Use the scripts scripts/main.py to launch the http service on x86 platform to handle the http requests and forward the data to the board via uart. #python3 main.py
Serving Flask app “main” (lazy loading)
Environment: production WARNING: This is a development server. Do not use it in a production deployment. Use a production WSGI server instead.
Debug mode: on
Running on http://0.0.0.0:10919/ (Press CTRL+C to quit)
Restarting with stat
Debugger is active!
Debugger PIN: 132-343-000
Connect the uart cable to x86.
The uri should be http://localhost:10919/serial/
Do benchmark testing with deepview-validator or eIQ Model Tool:
DeepviewRT validator: #deepview-validator –input_names input –output_names MobilenetV1/Predictions/Reshape_1 –samples 1 –uri http://localhost:10919/serial/GRAXBQHR
–reference mobilenet_v1_1.0_224_pb.npz mobilenet_v1_1.0_224_pb_uint8.tfliteeIQ Model Tool: Add target with uri ‘http://localhost:10919/serial/GRAXBQHR’ and click the ‘Tools->Profile Model’ button to to profiling model.
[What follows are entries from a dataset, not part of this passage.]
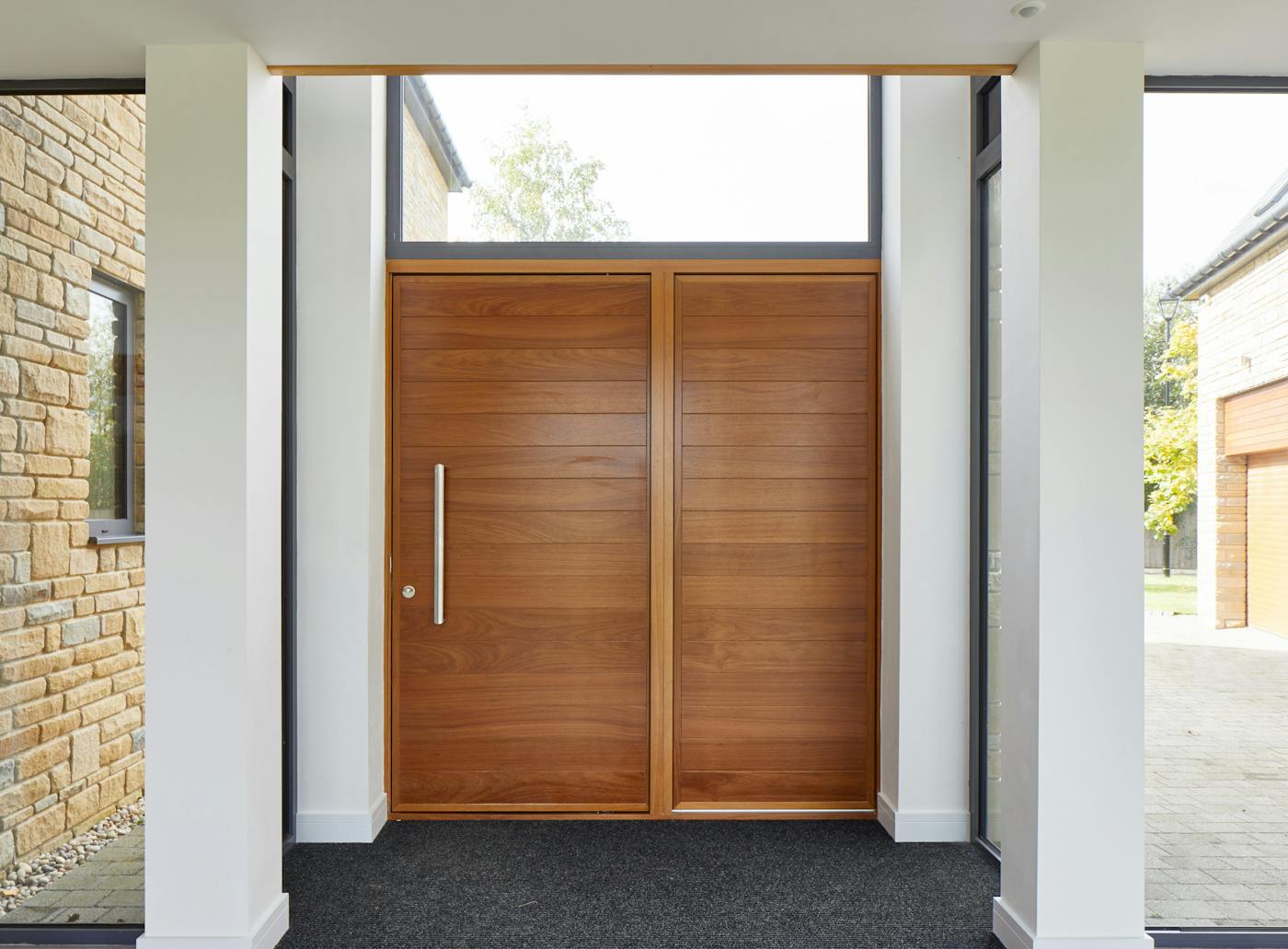 Parma e80 pivot | iroko | wood side panel | option 8 handle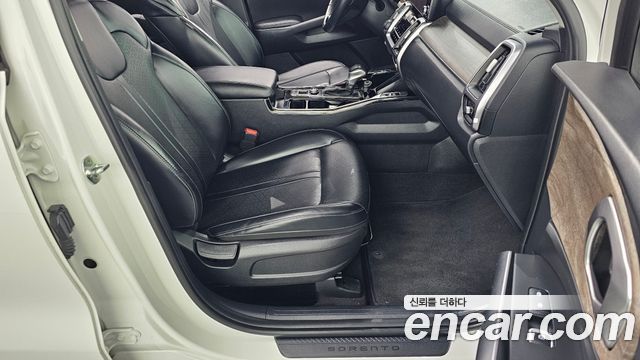 Kia Sorento 2023 — photo 12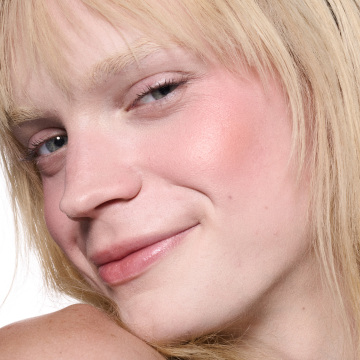 スキンフィニッシュ カラーストラック ブラッシュ 03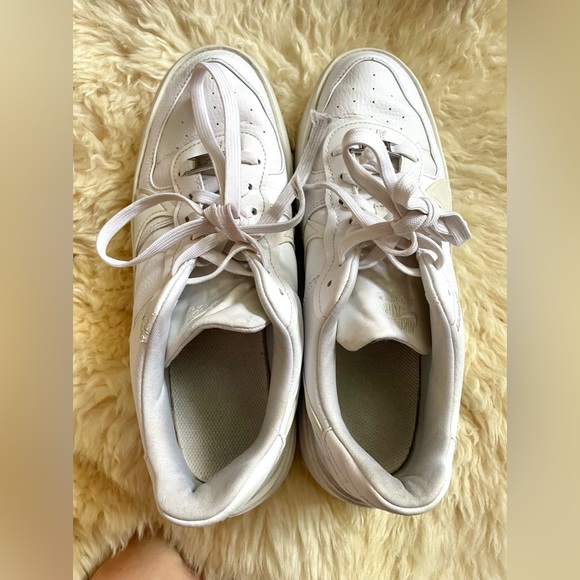 9.5 Nike Air Force 1 Womens White Low Top Lace Up Athletic Sneaker - Picture 5 of 5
Get benchmark results via Modelrunner cli
PS C:\scripts> python .\cli.py com20
=> reset
TFLite Modelrunner
=> model_loadb model.tflite model_loadb 53936 ######### Ready for TFLite model download Flash FLASH 0x100000 Erased, Program at 100000: 16384 bytes == FLASH 0x104000 Erased, Program at 104000: 16384 bytes == FLASH 0x108000 Erased, Program at 108000: 16384 bytes == FLASH 0x10c000 Erased, Program at 10c000: 16384 bytes ==
=> model
{
“inputs”: [
{
“datatype”: “INT8”,
“name”: “input_1”,
“scale”: 0.5847029089927673,
“shape”: [
1,
49,
10,
1
],
“zero_points”: 83
}
],
“layer_count”: 13,
“layers”: [
{
“avg_timing”: 9827000,
“name”: “functional_1/activation/Relu;functional_1/batch_normalization/FusedBatchNormV3;functional_1/conv2d/BiasAdd/ReadVariableOp/resource;functional_1/conv2d/BiasAdd;functional_1/conv2d_4/Conv2D;functional_1/conv2d/Conv2D1”,
“tensor”: {
“timing”: 9827000
},
“type”: “CONV_2D”
},
…
…
],
“outputs”: [
{
“datatype”: “INT8”,
“name”: “Identity”,
“scale”: 0.00390625,
“shape”: [
1,
12
],
“zero_points”: -128
}
],
“timing”: 60370000
}
=> tensor_loadb input_1 tmp.input tensor_loadb input_1 490 ######### Ready for input_1 tensor download MEM
######### 490 bytes received #########
=> run output=Identity { “outputs”: [ { “data”: “gICAgICAgIB/gICA”, “datatype”: “INT8”, “name”: “Identity”, “shape”: [ 1, 12 ], “type”: “SOFTMAX” } ], “timing”: 59808000 }
=>
The latency timing is 59.808 ms, the layer timings can be found in model command, for example the first layer timing is 9.827 ms.